■ What to work on ■
Below are entries. Reproduce exactly the lines between the line holding "Dell laptop i7 6th gen. 512gb 7" and the line holding "Detail Gallery Image", inclusive, and only those.

■ Records shown ■
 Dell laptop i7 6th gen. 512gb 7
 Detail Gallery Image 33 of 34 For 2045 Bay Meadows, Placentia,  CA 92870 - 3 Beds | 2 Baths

---

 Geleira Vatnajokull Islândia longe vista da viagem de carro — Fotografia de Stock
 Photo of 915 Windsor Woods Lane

■ Expected output ■
 Dell laptop i7 6th gen. 512gb 7
 Detail Gallery Image 33 of 34 For 2045 Bay Meadows, Placentia,  CA 92870 - 3 Beds | 2 Baths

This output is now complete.